Problem description: Your copy should hold only the lines from the one with "Now, with the" to the one with "Next, select the", both included, each exactly as it stands below, with no pictures.

Dataset extract:
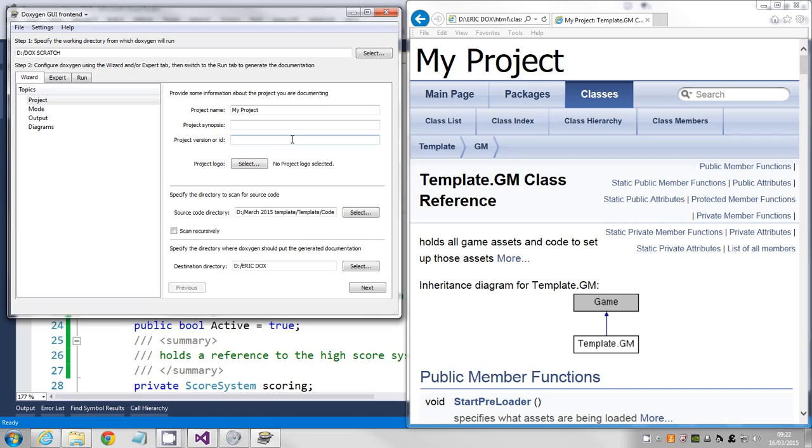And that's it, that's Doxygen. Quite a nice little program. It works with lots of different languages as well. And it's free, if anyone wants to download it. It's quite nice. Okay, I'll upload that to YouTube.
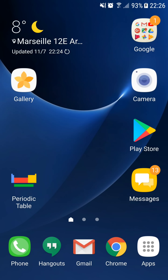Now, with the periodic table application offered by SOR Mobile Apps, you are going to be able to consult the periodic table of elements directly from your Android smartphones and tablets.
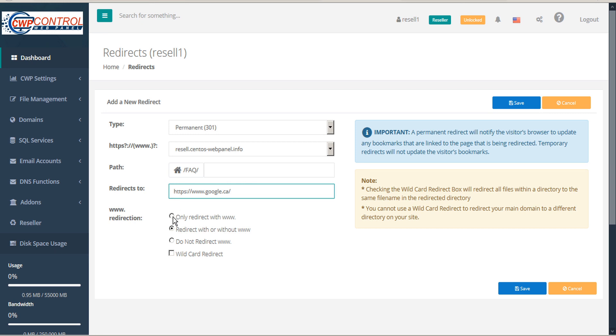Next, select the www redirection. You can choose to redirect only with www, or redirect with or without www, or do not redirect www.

* * *

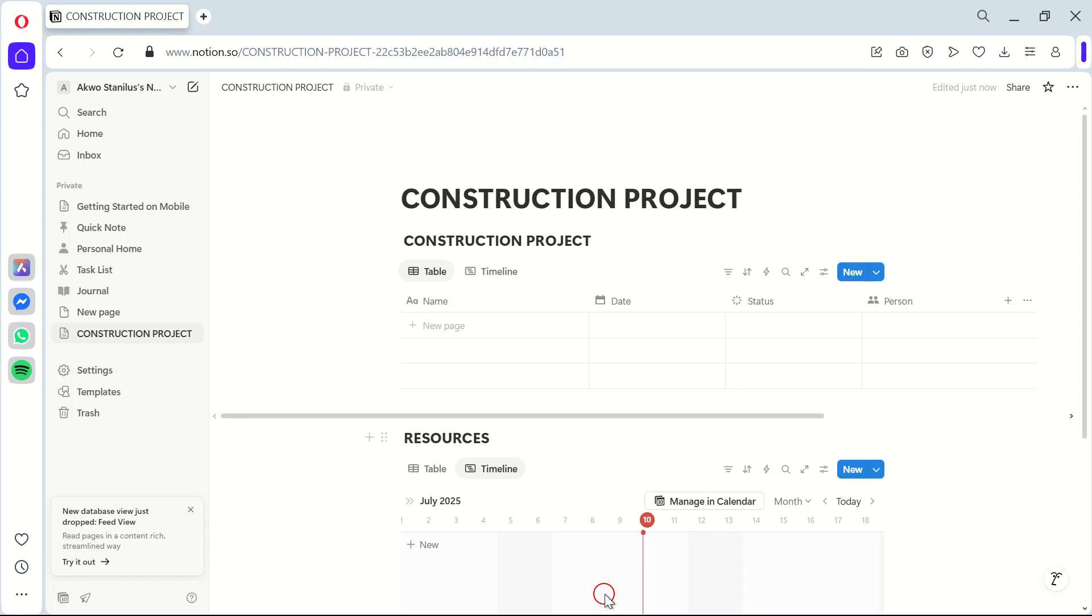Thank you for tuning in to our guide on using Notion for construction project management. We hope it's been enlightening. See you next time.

Response area:
Now, with the periodic table application offered by SOR Mobile Apps, you are going to be able to consult the periodic table of elements directly from your Android smartphones and tablets.
Next, select the www redirection. You can choose to redirect only with www, or redirect with or without www, or do not redirect www.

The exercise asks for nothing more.